Addressing a press conference at the NDDC
headquarters in Port Harcourt, River State, the acting Executive Director,
Projects of the Commission, Dr. Cairo Ojougboh, said the Commission was sinking
and would have been “killed and buried” but for the intervention of Buhari.
He noted that the Commission had embarked on a
contrat-awarding spree and had awarded contracts more than 300 per cent of the
budget of the Commission.
Ojougboh said: “In 2017, the NDDC awarded a total
of 201 emergency contracts valued at N100,396,879,001.06; in 2018, a total
1,057 emergency contracts valued at N162,688,289,333.05 were awarded; and in
just seven months of 2019, it awarded a total 1,921 emergency contracts valued
at N1,070,249,631,757.70.
“We are talking about a total of over N1.3trillion
in less than three years. The yearly budget of the NDDC is hardly above N400
billion and a situation where contracts that do not qualify for emergencies
were fraudulently awarded to over one trillion naira valued in less than one year
amounts to not only stealing from the pulpit but stealing the entire pulpit.”
Buhari had
ordered a forensic audit of the Commission and appointed an interim management
Committee (IMC), headed by acting Managing Director, Dr. Joi Nunieh. Other members
of the committee are Mr.
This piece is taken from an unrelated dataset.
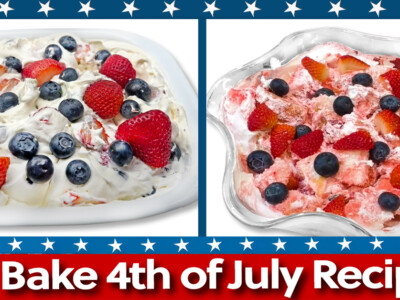 Celebrate in style with these Easy 4th Of July Recipes—perfect for summer parties, picnics, and patriotic get-togethers! These no-bake, red, white, and blue treats are quick to make, refreshingly cool, and guaranteed to wow your guests without heating up the kitchen.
Ibanga Etang as acting executive director, finance and
administration, and Ojuogboh as the acting executive director, projects.
As part of measures to sanitise and reposition the
Commission to fulfill its mandate, Ojuogboh said the acting managing director
has inaugurated a Contract Verification Committee.
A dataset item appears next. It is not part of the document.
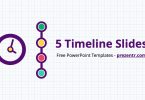 5 Timeline Slides for PowerPoint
The inauguration of the committee, he said, was a
prelude to the forensic audit ordered by Buhari.
Ojougboh, who is the Chairman of the Contract
Verification Committee, explained at the press conference that the two-week exercise
would cover all completed as well as on-going projects and programmes of the
Commission.
He observed that the NDDC was set up not only to
offer a lasting solution to the socio-economic and environmental problems of
the Niger Delta region by conceiving and implementing plans aimed at developing
the infrastructure and human capacity
building, but also complement the efforts of the various state governments and
other developmental agencies in the region.
According to Ojougboh, “Whilst successive leadership
of the NDDC may have done their best, today, the general conclusion of most
stakeholders in the region is that the NDDC has not delivered on its mandate.
At best, it has been a lack-lustre performance, with very little to show for
the humongous resources that have accrued to it over the past 19 years. Stories
of pervasive corruption, flagrant abuse of due process, abandoned projects, poor
quality project delivery among others at the NDDC have adorned our media space
over the years.”
“In an effort to stem this unfortunate tide, governors of
the nine states of the region, a couple of months ago, visited President
Muhammadu Buhari to not only lay bare their perception of the Commission since
its inception, but to also as members of the Advisory Council of the NDDC,
offer useful advice on the way forward to the president. The result of this
historic visit is the ordering of a forensic audit of the activities of the
NDDC from inception to date by the president.”